§ The problem
Locate, in the data below, the line that contains "Globo Lampada a" and the line that contains "King&Charles Silicone Caulking"; reproduce exactly those two lines and every line between them, nothing more.

§ Dataset records
___
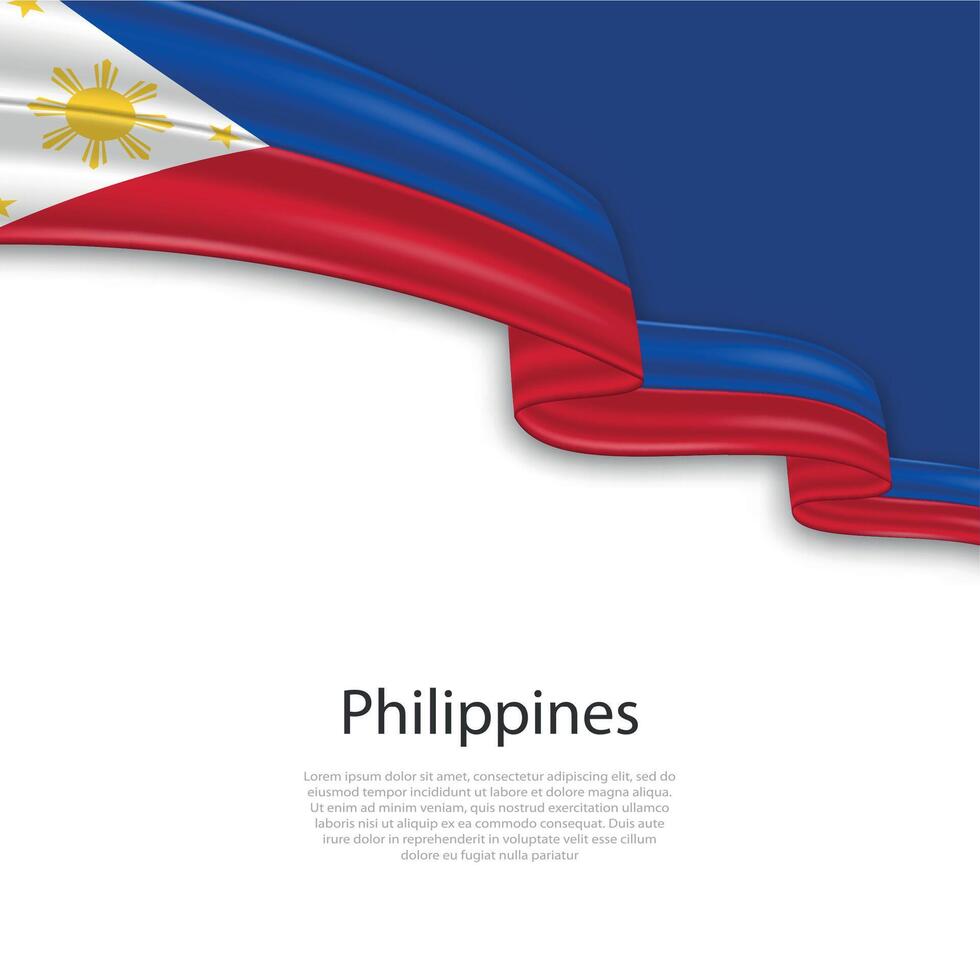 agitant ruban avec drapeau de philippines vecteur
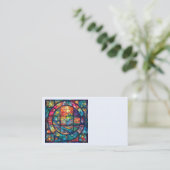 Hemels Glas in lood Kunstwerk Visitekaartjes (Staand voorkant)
___
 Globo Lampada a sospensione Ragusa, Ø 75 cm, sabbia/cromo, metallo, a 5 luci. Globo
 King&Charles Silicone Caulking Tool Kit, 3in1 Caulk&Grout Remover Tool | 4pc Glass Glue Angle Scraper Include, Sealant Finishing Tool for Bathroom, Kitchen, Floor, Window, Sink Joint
___
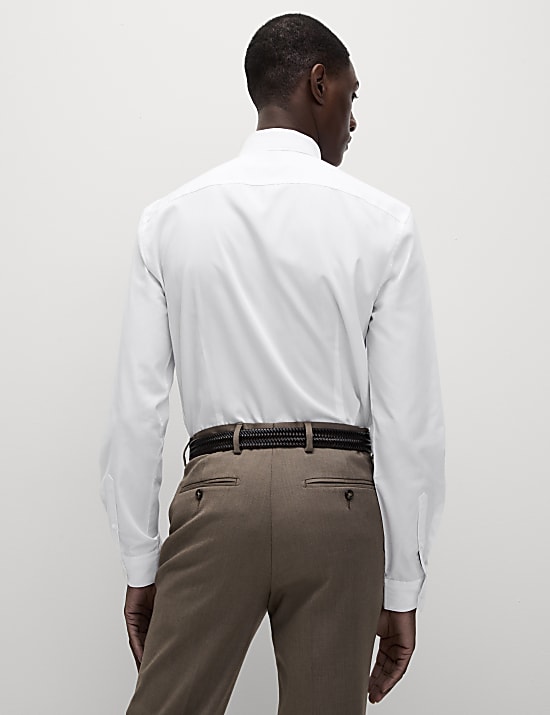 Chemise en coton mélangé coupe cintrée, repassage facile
___
§ Written response
 Globo Lampada a sospensione Ragusa, Ø 75 cm, sabbia/cromo, metallo, a 5 luci. Globo
 King&Charles Silicone Caulking Tool Kit, 3in1 Caulk&Grout Remover Tool | 4pc Glass Glue Angle Scraper Include, Sealant Finishing Tool for Bathroom, Kitchen, Floor, Window, Sink Joint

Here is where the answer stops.